The project Without Looking Down was released September 2002 with Spindust.  Spindust is a recording label founded by Ray Boltz a few years ago and is distributed internationally by Word.  I recently had an opportunity to catch up with him on the phone for an audio interview of this project.

What brought you to sign with Spindust Records over other record labels?

Mitch: I'd had just about written off signing with record companies just because they didn't provide enough leeway as far as creative control.  They were not really interested in me doing what I was doing.  Record companies seem to be interested in the next big thing.  And I am not that.  Hopefully I am just a thing that is going to be around for a good while doing it persistently and consistently. 

Spindust was quite the contrary.  They were really supportive of what I was doing.  I felt that as a means financially and with some of their contacts, they could really further what I was doing. With them, I'd still be able to go about it in the same way as before when I was independent.

I think it's a good combination of them being really supportive and me being able to continue on as I have in the same way.  You know I just recorded this album and handed it to them and they took it from there.  They understood what I was trying to do and they were supportive of it.  That was the final decision maker.

Twelve songs.  Did you have more ready when you made this album?

Mitch: Yeah, I had probably about five other songs that didn't make the cut.  There wasn't a huge plethora of songs but we definitely had to whittle it down.

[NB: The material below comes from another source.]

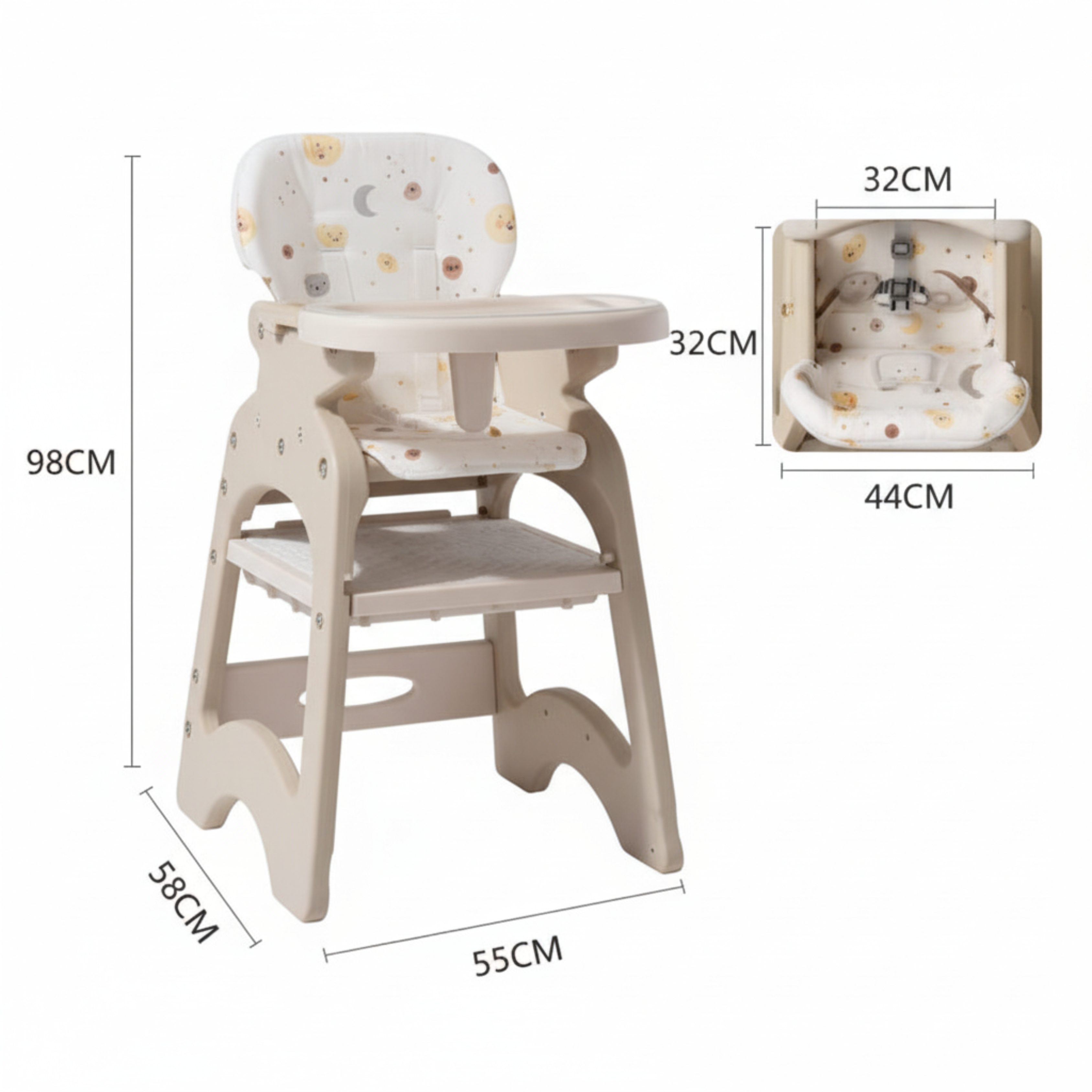 Baybee 5-in-1 Baby High Chair, Convertible Table and Chair Set for Toddlers, Multifunctional Rocking Seat with Lockable Universal Wheels, Adjustable Seat Backrest, Trays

Were any of these twelve songs ready when you were doing Chasing The Horizon, but got pushed forward to this recording.

Mitch: I had only written just one of  Without Looking Down songs.  The last song Not Holy Just Yet  has been ready for a while.  I wrote it in the summer of  '96.  I had decided it wasn't time for it to be recorded when any of the other records came around. 

How do you decide the timing of releasing them.

Mitch:  I don't really know how the decision is made.  It's just based on me, Mark and the guys trying to pick the best songs and what we think is going to work.  There were a couple that I thought were going to be on there and there were a couple that made it and I was surprised made it.

Follow-up question;  can you share what songs made it and what didn't?

Mitch: Songs that didn't make it that I thought might: If I Could, Boat On The Water.  Songs I was surprised to see make it:  Stargazer, Turning Tables, Camelsong.

Great musicians, great friends had their hands on this project.  Give us your take on Brad Layher, Joe Curet and Jeff Weiss.  What it is like having them on the recording as well as supporting the ministry on the road.

Mitch: Well it's great because I just wanted this album to reflect what I do.  And there is nothing better then to have exactly what we do on the road translate to the studio. 

Brad is one of the hardest workers I know and he wants to do his best.  So he is going to bring a ton to the table.  All the guys brought so much energy, just wanting to be a part of it.  They understand where I am coming from better then anybody that I could bring in to do it.  They understand the songs. 

Joe is just completely creative with his approach to playing and that brings a whole new life and energy to the songs.

Jeff is a great singer, has a real knack for back-up vocals.  His bass was replaced by Mark, simply because Mark is a bass player and Jeff is a guitar player, playing bass with me.  A lot of the bass parts are what Jeff was playing when we were recording it. 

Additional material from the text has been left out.